Мы, советские люди, в первые недели войны могли наблюдать удивительное зрелище: как наши дома и старинные дворцы, и деревянные, одноэтажные где-нибудь возле заставы, и огромные блоки на новых улицах, самые разные по виду, возрасту, расположению, как эти дома почти мгновенно сорганизовались, объединились, словно мобилизованные в военном строю. Мы в этих домах жили, не задумываясь об их управлении. Про управдома вспоминали, когда нужно было кого-нибудь обругать. Но сейчас он и весь обслуживающий состав дома — лифтерши, истопник, дворник, а там, где их нет, домохозяйки, выборные от жильцов — сделались проводниками системы, частицами единой, сильной, необычайно подвижной организации. Одно и то же стало обязательным для каждого дома, и все как один на глазах наших с осязаемой быстротой проделали переход на оборонное положение. Синяя лампочка на лестнице, синие наклейки на окнах, мелом подчеркнутые перекрестки, заложенные доверху мешками с песком зеркальные витрины, кадки, ведра, лопаты, песок и вода — все это одновременно и почти мгновенно водворилось по всей Москве. Стали у ворот дежурные, появился уполномоченный по дому; наверху, на чердаке, захозяйничала пожарная бригада. И вместе с этой военизацией домов как-то сразу опрозрачнилась перед нашими глазами вся улица, прозрачными стали дома, ясней, глубже, убедительней увидели мы наш коммунальный советский быт, советские отношения, пережили то особенное, острое, только в нашей стране знакомое, повсеместное чувство домашности, уверенности, что нет ни единого закоулка в нашем городе, где не стояла бы такая же прозрачная общественная ясность, где не было бы все той же налаженности советской структуры.

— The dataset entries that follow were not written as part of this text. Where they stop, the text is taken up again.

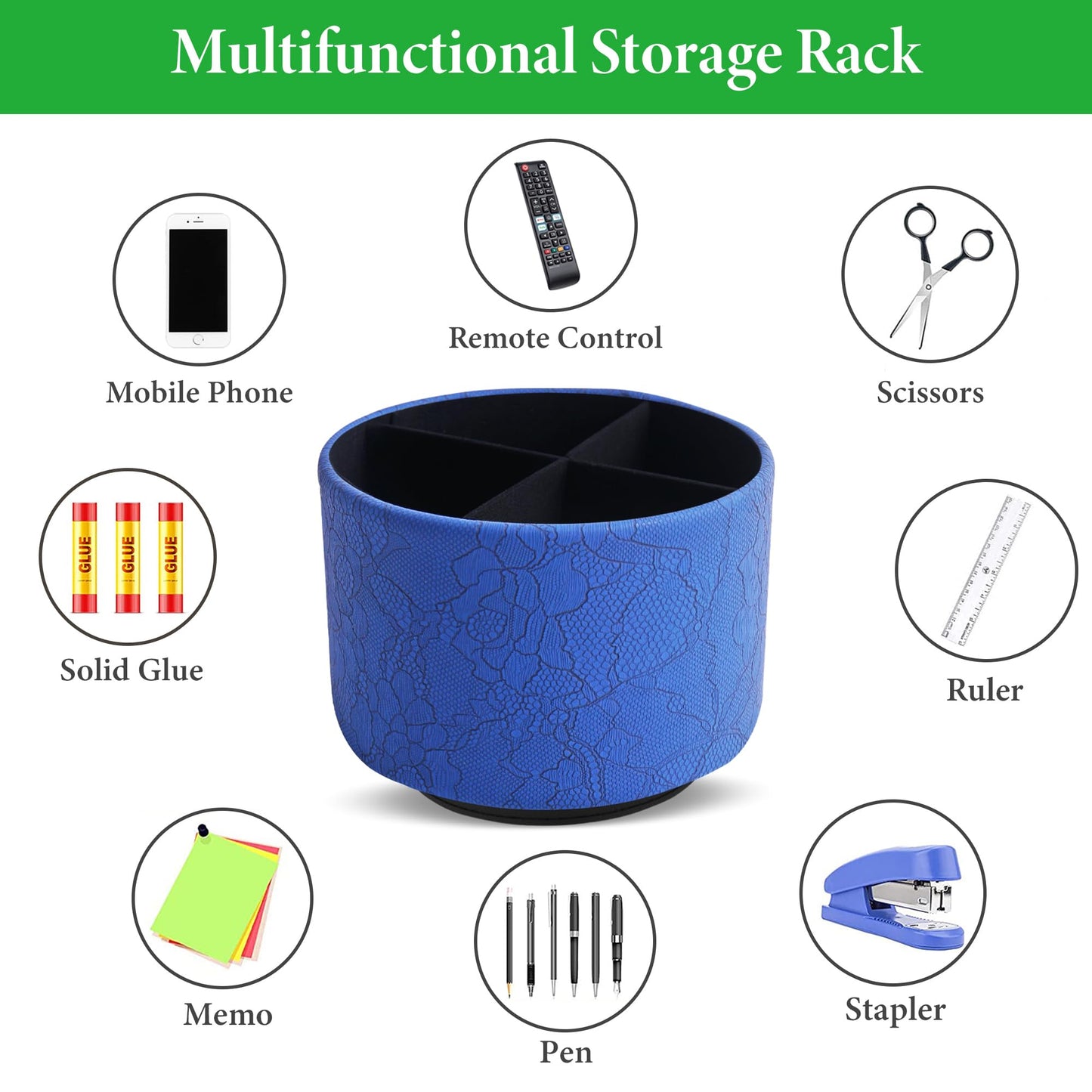 Lvkjafaz Round Leather Art Supply Organizer,Remote Control Holder,360 Degree Spinning,Multi-Functional Pencil Holder,4 Compartments Desktop Stationary Organizer(1-Lace Flower Blue)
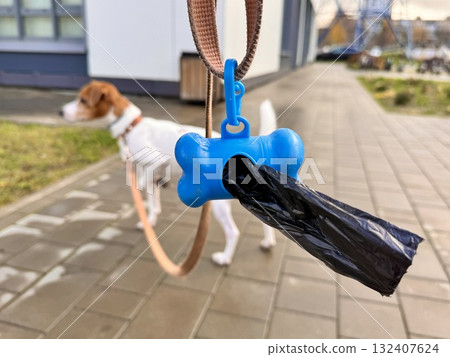 Pet Excrement Bags on a Leash Pet Excrement Bags on a Leash 132407624
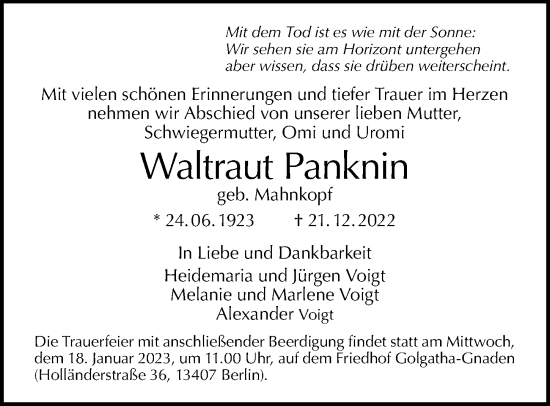 Traueranzeige von Waltraut Panknin von Berliner Morgenpost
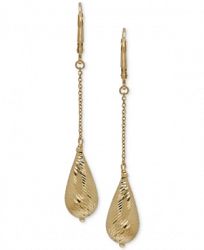 Italian Gold Teardrop Dangle Drop Earrings in 14k Gold, 2 3/8 inches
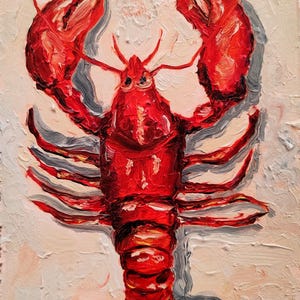 Hand-Painted Red Lobster Oil Painting: Coastal Wall Art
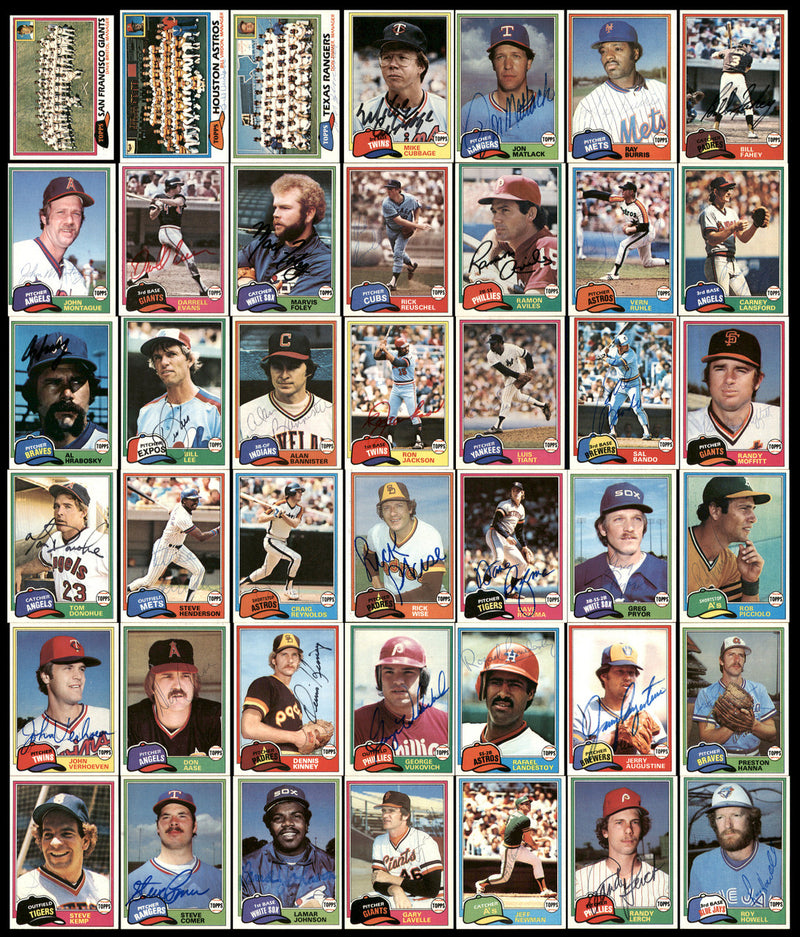 347 Count Lot of Autographed 1981 Topps Baseball Cards (All Different) SKU #266547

Должно быть, так было в каждом из наших городов, но в Москве особенно сильно. В ней не только ставились и решались все основные вопросы войны, но в ней изо дня в день шло оборонное творчество. Оправдали себя самые разные организации: художественные, научные, культурно-массовые — все они начали работать на оборону. Первый период их работы был чисто педагогический, разъяснительный: листовки, плакаты, радио, кино, агитпункты, статьи, учебные фильмы, лекции, графика, иллюстрации стали объяснять населению, что такое воздушная атака, что такое фугасные и зажигательные бомбы, как с ними бороться. Изо дня в день велось это разъяснение. Через пластический образ в кино москвичи усваивали нервами, мускулами, внутренне повторяя в себе движения, увиденные на экране, весь процесс борьбы с бомбой. Позднее, когда они с этой бомбой столкнулись в жизни, они показали чудеса находчивости и отваги. Можно сказать, что в первые недели войны сдала экзамен на «отлично» многолетняя советская практика пропагандистской массовой работы.

Потом начало сдавать экзамен искусство. За прямой агитацией последовала художественная. Вместо листовок и разъяснений на стены вышли стихи и карикатура, возникли замечательные содружества текста и рисунка, такие, как Маршак и Кукрыниксы. Стал изменяться и весь облик Москвы. Неотложной стала задача так называемой «маскировки» города, чтобы вид сверху на городские объекты сделался новым и чтобы хищник в небе потерял свой ориентир. Советские архитекторы сумели и к этой специальной задаче, подчиненной строгим законам оптики и геометрии, подойти творчески.

Свою задачу они проделали с огромным вкусом. Для врага — дезориентир, маска, провалы, путаница; для самих москвичей — раскраска, агитирующая, как плакат, возбуждающая чувство героики, чувство необычайной важности наших дней.

Многолетний наш опыт празднично поднимать город, заставлять его участвовать в праздничном движении, организовать это движение, звать к маршу помог архитекторам внести в маскировку такую агитационную силу, такой общественный элемент, о котором вряд ли и помышлять могут архитекторы на Западе.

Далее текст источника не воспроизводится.